Sébastien Dagault a plusieurs idées sous le coude dont celle «de créer une marque qui parle à ces talents, c’est à dire qui parle d’une ambition, qui leur parle avec des mots d’entrepreneurs, de grands challenges sur lesquels ils pourraient s’engager». Il parle aussi d’ une approche « terrain » et non seulement institutionnelle ou territoriale qui rende lisible des opportunités d’investissements ou de partenariat pour les impliquer à distance ou en Provence. Enfin il recommande de monter un club d’entrepreneurs/talents par thématiques, comme le font de grandes capitales européennes comme Barcelone.
Il est maintenant répandu pour les entreprises comme pour les institutions, de calculer son empreinte carbone, dès lors que l’on se soucie de l’impact d’une action sur son environnement, alors dans le même ordre d’idée, pourquoi ne pas convaincre notre région d’impulser un grand programme structurant qui permette de mesurer son empreinte «Talents», en rapport de sa capacité à inter-agir avec ces populations exogènes créatrices de valeurs, d’image et d’optimisme.

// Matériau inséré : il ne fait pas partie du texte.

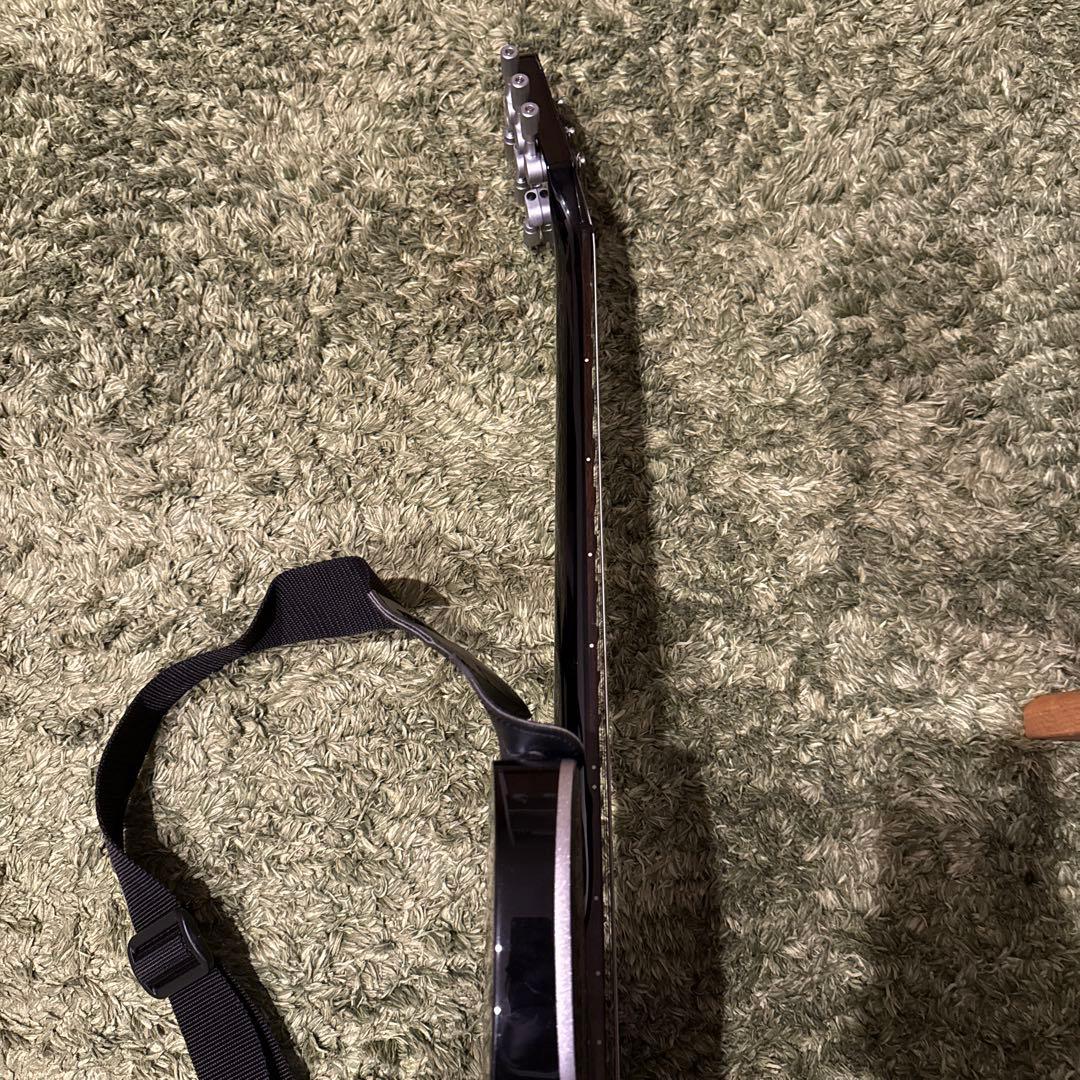 RGX A2 ブラックエレキギター ストラップ付き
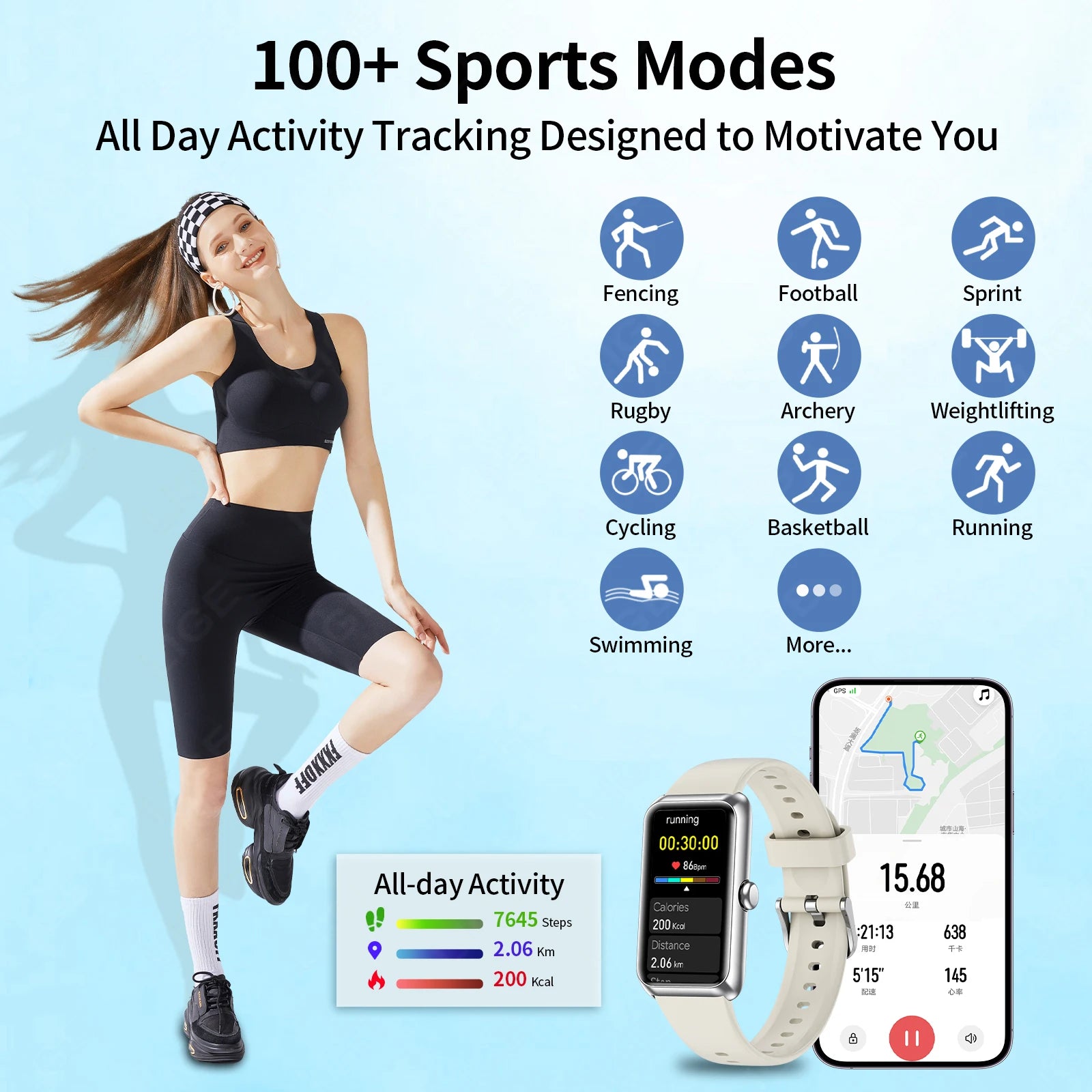 LIGE Sports Smart Watch Men &ndash; Music Control and Fitness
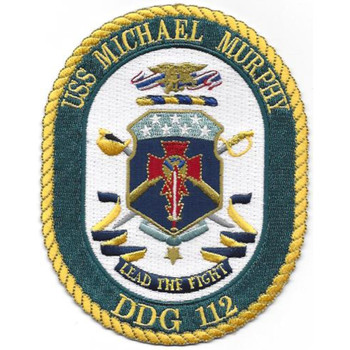 USS Micheal Murphy DDG-112 Guided Missile Destroyer Ship Patch-A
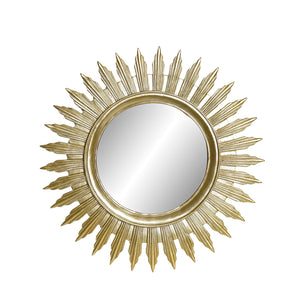 Espejo sol dorado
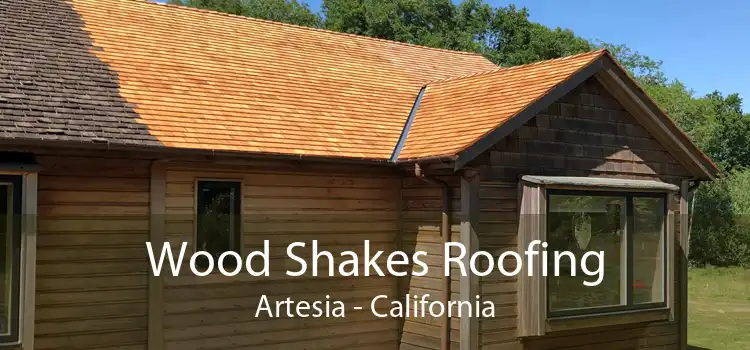 Wood Shakes Roofing Artesia - California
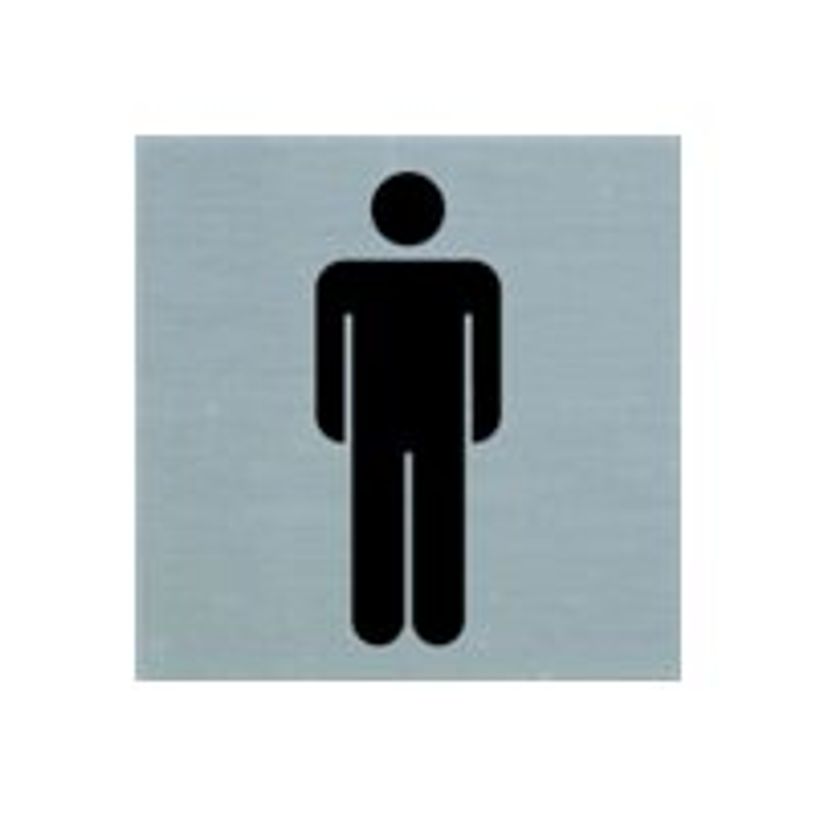 8711234048110-Pickup - Plaque de signalisation -  80 x 80 mm - autocollant - toilettes pour hommes-P_79387916_1-0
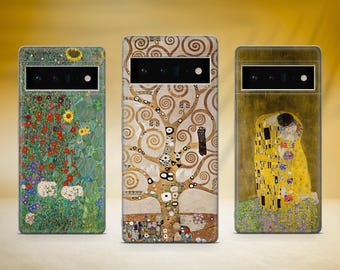 Gustav Klimt Phone Case Famous Art Phone Cover Fit for Google Pixel 10 Pro XL 9A 9 Pro 8A 8 Pro 8 7A 7 Pro 6 6A 3A 4XL 5 OnePlus 13 12R0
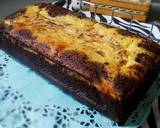 Black forest cheesecake brownie langkah memasak 8 foto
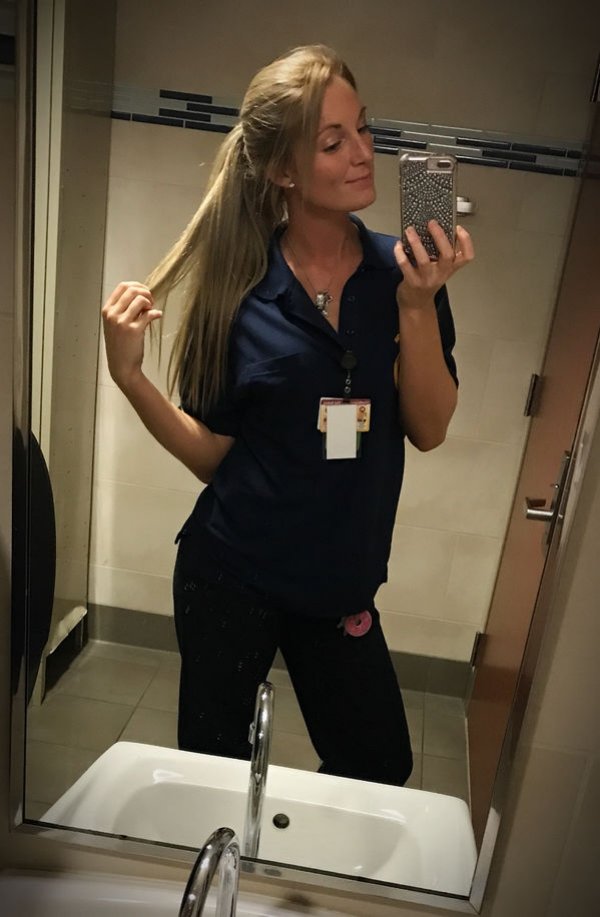 Sexy Girls Being Naughty at Work : Chivettes bored at work (30 Photos) 13
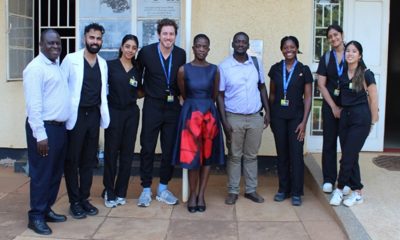 Group photo at Centre for Maternal, Newborn, and Child Health Research at Makerere University School of Public Health led by Associate Professor Peter Waiswa, alongside Graduate biomedical engineers from the Centre for Biomedical Innovation and Design (CBID) at Johns Hopkins University.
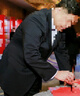 雅戈尔（YOUNGOR）西服男士050款上衣秋冬青年男套西上衣羊毛面料经典西服 藏青 3XL 190/112A 实拍图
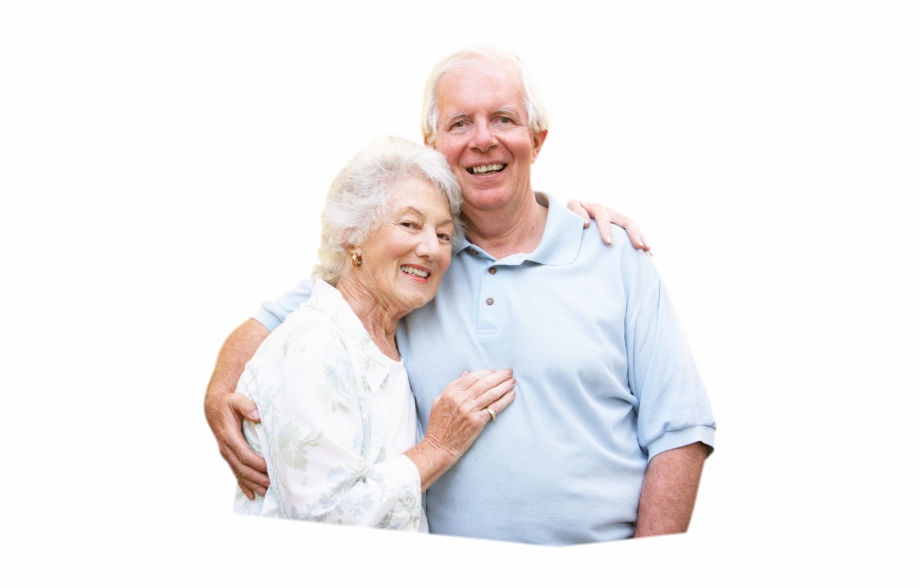 Lovely Senior Couple Elderly Couple Transparent Background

(1) Bay Area de San Francisco : il s’agit de la baie qui entoure la ville de San Francisco, au nord de la Californie et qui enveloppe les villes de San José, Oakland, Alameda. C’est la 2e plus grande concentration mondiale des sociétés faisant partie des Fortune 500. L’axe San Francisco-San José est considéré comme l’axe médian de la Silicon Valley
-(2) Le Brain Drain signifie « la fuite des cerveaux »
-(3) Rubicon : rivière romaine que franchit Jules César en 69 av. JC, (symbole d’un point de non retour dans le langage courant)
-(4) Quelques Entreprises fondées,reprises par des français expatriés, issues du programme Home Sweet Home: Supersonic Imagine, Digdash, l’Atelier des chefs, Inside Secure, OZ Bioscience, Modulbio, Encapsulix, Medicodose, Maxime semiconducteurs…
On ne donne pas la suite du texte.